## Records provided
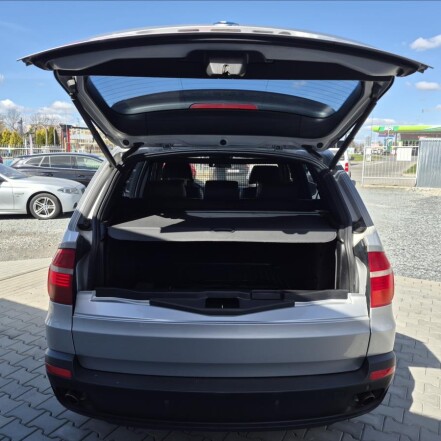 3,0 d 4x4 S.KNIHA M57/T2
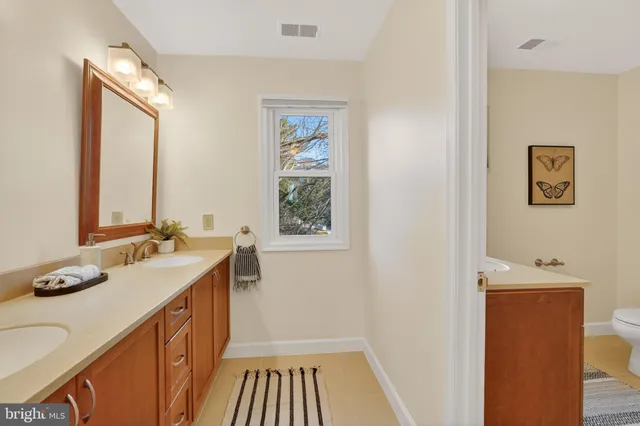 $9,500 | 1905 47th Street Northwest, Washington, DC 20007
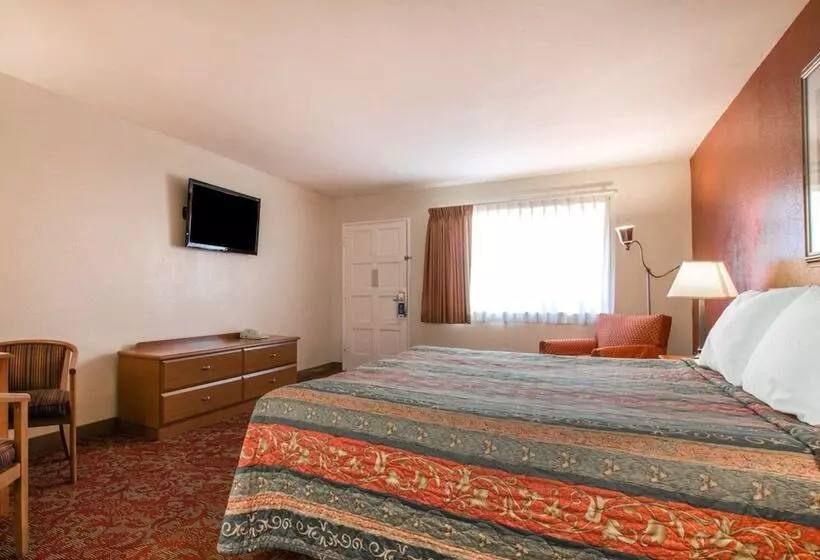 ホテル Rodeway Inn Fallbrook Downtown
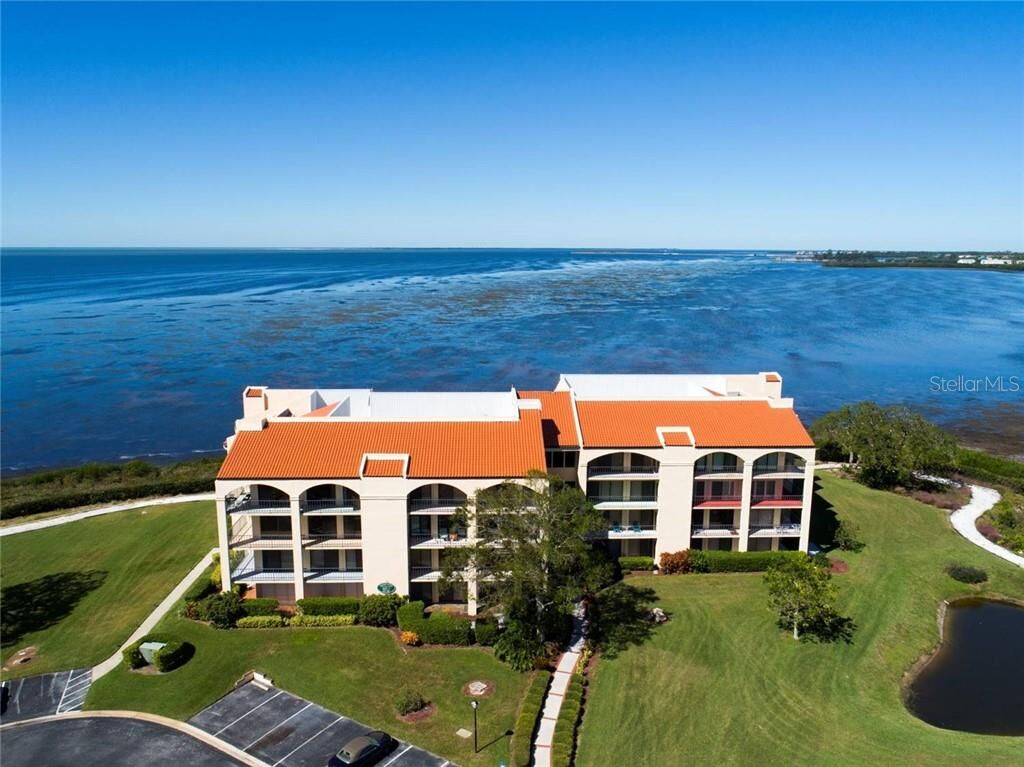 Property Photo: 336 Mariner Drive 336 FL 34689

---

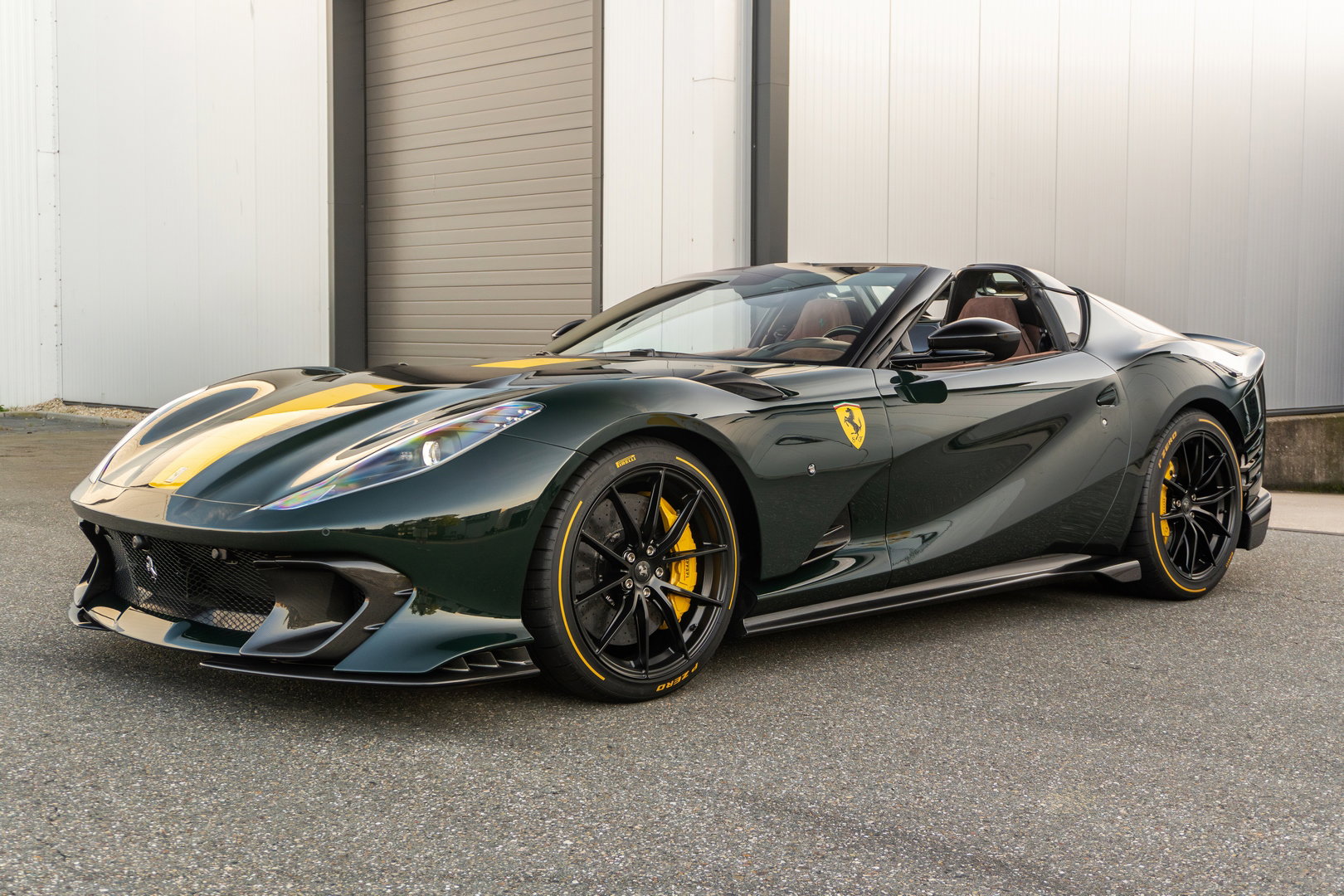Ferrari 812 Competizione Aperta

...

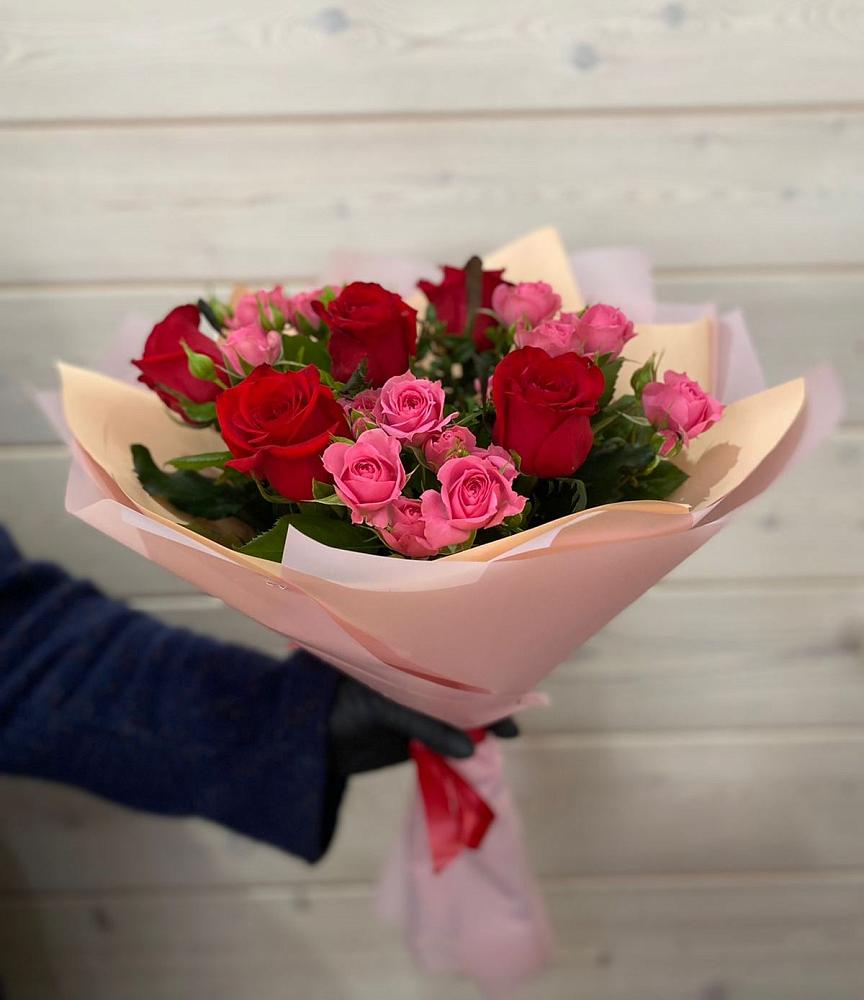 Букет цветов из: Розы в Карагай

## The task
The expected output is the lines above from the one containing "3,0 d 4x4 S.KNIHA M57/T2" to the one containing "Property Photo: 336", both ends included, reproduced exactly with every picture left out.

## Response to the exercise
 3,0 d 4x4 S.KNIHA M57/T2
 $9,500 | 1905 47th Street Northwest, Washington, DC 20007
 ホテル Rodeway Inn Fallbrook Downtown
 Property Photo: 336 Mariner Drive 336 FL 34689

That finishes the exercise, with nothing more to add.